Председатель торопливо постучал карандашом о графин.
– Товарищи, я боюсь, что мы отвлекаемся от существа вопроса, – сказал он, поднимаясь с места. – Не будем забывать, что речь идет о работе Чернова. И что оценки работы мы выносим в закрытом заседании экзаменационной комиссии, в отсутствие студентов. Есть ли еще замечания? Нет. Вы желаете что-нибудь сказать, товарищ Чернов?
Юрий встал, не поднимая глаз. С трудом ворочая языком, поблагодарил профессора Брандта и доцента Штейна за руководство работой, потом рецензента. Полагалось благодарить всех. А у него уже не было сил. И все же он не забыл упомянуть Постникова. Он назвал даже и Панфилова.
– ...Труды Павла Александровича Панфилова оказали большое влияние на постановку моих экспериментов и анализ их результатов. Конечно, мне трудно решать вопрос о реакции живой материи на лучевое поражение в целом. Я получил определенный факт. И постарался объяснить его как умел. Может быть, я поспешил с описанием контрольного опыта и его, возможно, не следовало вводить в дипломную работу. Но за достоверность описанного мной факта...

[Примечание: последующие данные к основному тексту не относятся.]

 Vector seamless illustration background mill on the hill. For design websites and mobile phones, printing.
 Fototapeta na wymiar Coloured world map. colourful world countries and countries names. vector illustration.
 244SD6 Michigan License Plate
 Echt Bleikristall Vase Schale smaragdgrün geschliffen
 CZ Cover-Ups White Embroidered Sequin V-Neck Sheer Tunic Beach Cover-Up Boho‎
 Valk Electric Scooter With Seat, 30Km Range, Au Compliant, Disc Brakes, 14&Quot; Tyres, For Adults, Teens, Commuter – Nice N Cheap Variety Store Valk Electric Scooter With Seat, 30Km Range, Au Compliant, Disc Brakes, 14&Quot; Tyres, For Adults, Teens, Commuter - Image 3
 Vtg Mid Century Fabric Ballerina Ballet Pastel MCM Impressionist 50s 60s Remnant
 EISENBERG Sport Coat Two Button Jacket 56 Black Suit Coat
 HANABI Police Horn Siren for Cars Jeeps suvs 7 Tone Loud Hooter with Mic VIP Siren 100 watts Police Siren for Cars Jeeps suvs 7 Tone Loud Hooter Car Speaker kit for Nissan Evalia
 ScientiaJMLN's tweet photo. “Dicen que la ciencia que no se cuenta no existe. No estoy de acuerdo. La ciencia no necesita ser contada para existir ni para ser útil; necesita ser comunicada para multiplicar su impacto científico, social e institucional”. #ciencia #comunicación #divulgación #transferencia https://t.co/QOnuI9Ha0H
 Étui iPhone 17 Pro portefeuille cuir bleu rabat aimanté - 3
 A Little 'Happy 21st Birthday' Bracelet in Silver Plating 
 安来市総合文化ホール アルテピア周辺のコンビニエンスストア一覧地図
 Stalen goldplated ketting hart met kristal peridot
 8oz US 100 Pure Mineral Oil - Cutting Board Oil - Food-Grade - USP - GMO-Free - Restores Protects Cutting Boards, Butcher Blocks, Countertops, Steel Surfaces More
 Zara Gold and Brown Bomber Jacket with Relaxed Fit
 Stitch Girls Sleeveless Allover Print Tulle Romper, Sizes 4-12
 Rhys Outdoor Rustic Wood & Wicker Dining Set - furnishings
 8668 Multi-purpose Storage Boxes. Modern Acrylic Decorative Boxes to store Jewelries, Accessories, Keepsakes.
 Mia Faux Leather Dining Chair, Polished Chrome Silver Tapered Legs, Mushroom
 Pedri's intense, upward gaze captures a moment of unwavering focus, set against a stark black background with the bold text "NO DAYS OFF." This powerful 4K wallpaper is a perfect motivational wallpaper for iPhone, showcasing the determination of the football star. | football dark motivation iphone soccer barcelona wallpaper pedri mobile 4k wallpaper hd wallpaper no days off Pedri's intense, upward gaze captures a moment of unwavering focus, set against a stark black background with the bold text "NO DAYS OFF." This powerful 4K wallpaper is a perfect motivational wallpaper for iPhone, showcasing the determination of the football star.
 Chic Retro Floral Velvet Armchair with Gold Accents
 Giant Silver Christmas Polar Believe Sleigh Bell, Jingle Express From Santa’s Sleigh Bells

Он поднял глаза. Все молча смотрели на него, ожидая продолжения его речи.
– ...я отвечаю, поскольку это в моих силах.
Комиссия заседала больше часа. Студенты, изнывая от ожидания, бродили по коридорам. Было уже около трех часов, когда им объявили решение. Насупившись, темный, хмурый, из аудитории вышел Постников и направился к лестнице, ни на кого не глядя. Студентов пригласили в аудиторию. Все работы получили оценку «отлично», кроме одной. Юрию поставили «хорошо».